The presiding judge of a 3-member Athens misdemeanour court set the trial for next June 19 because their coach's lawyer was absent. The trial has been postponed repeatedly.

The two sprinters are charged with giving false statements to police after a motorcycle crash at the Athens Games. Neither appeared in court on Monday.

Kenteris, the 200-meter gold medallist at the Sydney 2000 Olympics, and Thanou, the 100-meter silver medallist in Sydney, missed a drugs test at the Athens Olympics and later said they had crashed a motorcycle on their way to the athletes' village.

They said they crashed near their coach's home as they raced back to the Olympic village and ended up in hospital for four days. They never were drug tested during the Athens Olympics.
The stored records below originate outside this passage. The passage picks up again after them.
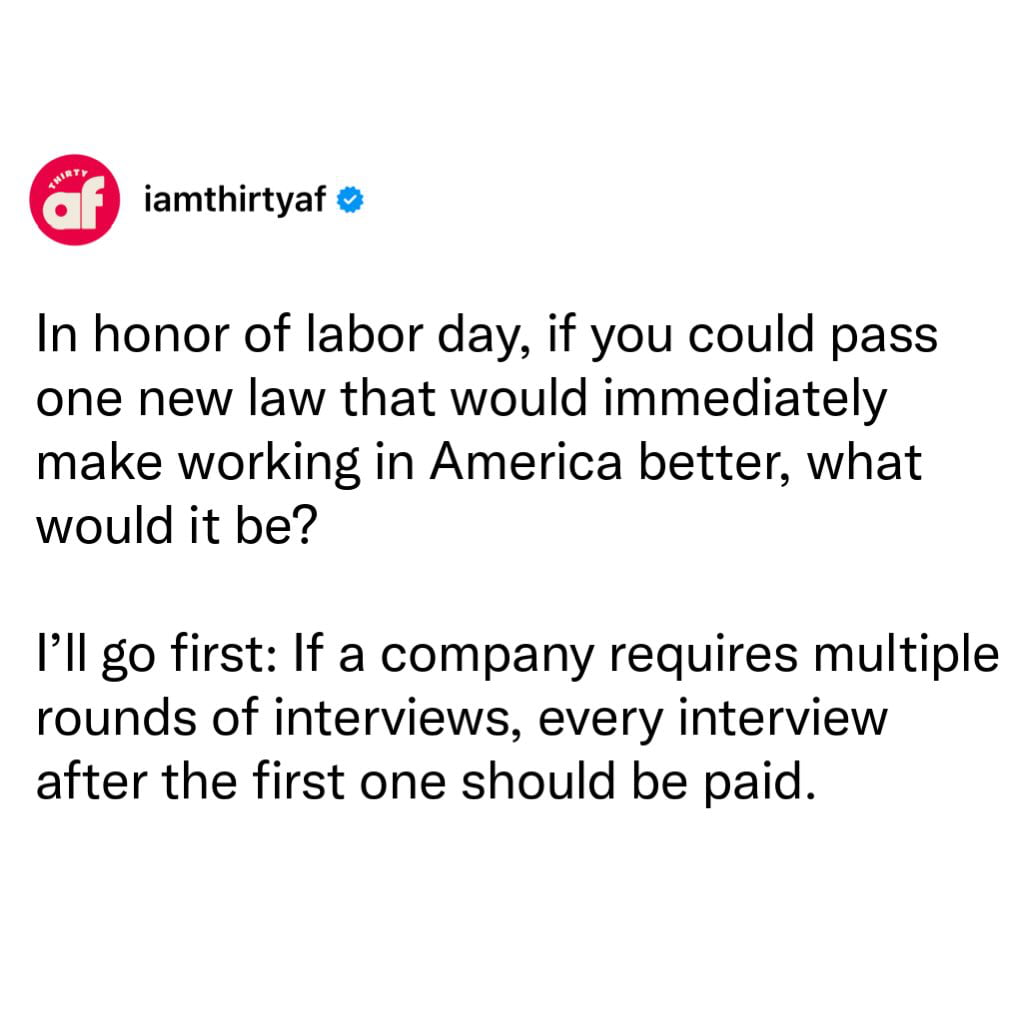 A Viral Proposal to Compensate Job Seekers for Multi-Round Interviews - Interesting on Aviaclip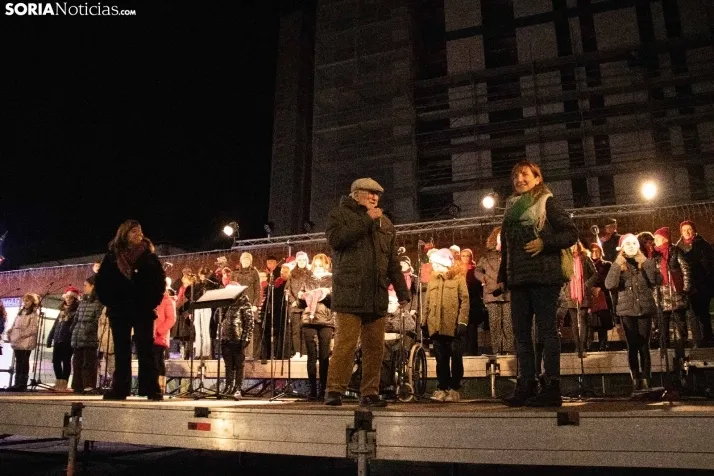 En im&aacute;genes: el encendido navide&ntilde;o deja fr&iacute;o a Soria&nbsp;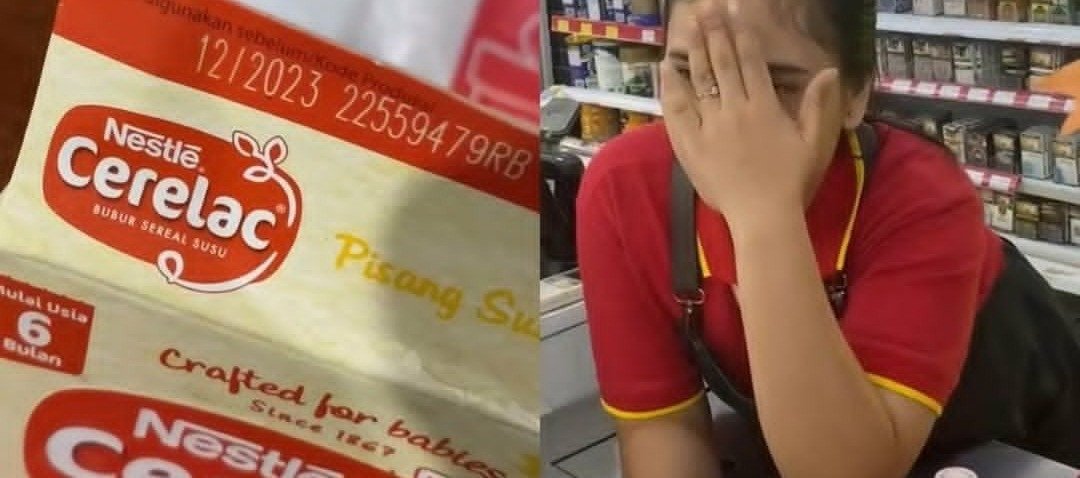 Viral Ibu-Ibu Labrak Karyawan Minimarket Karena Jual Makanan Kadaluarsa, Anak Jatuh Sakit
It was seen as the most sensational Olympic doping scandal since Canadian Ben Johnson lost his 100-meter gold medal at the 1988 Seoul Games.

An inquiry into the crash found discrepancies in Kenteris and Thanou's testimony, witness statements and medical reports regarding their injuries. One witness was charged with perjury.

If convicted of making false statements, the two sprinters face up to a 5-year suspended sentence.

They were acquitted of doping charges in a Greek athletics federation probe in 2005. Their former coach Christos Tzekos was given a four-year suspension for his involvement in the affair.

The International Association of Athletics Federations (IAAF) appealed the verdict at the Court of Arbitration for Sport. They settled out of court in mid-2006 and subsequently admitted only to anti-doping rule violations, essentially serving out their unofficial two-year suspension.

Kenteris has not said whether he will compete again. Thanou returned to competition this year and hopes to qualify for the Beijing 2008 Games.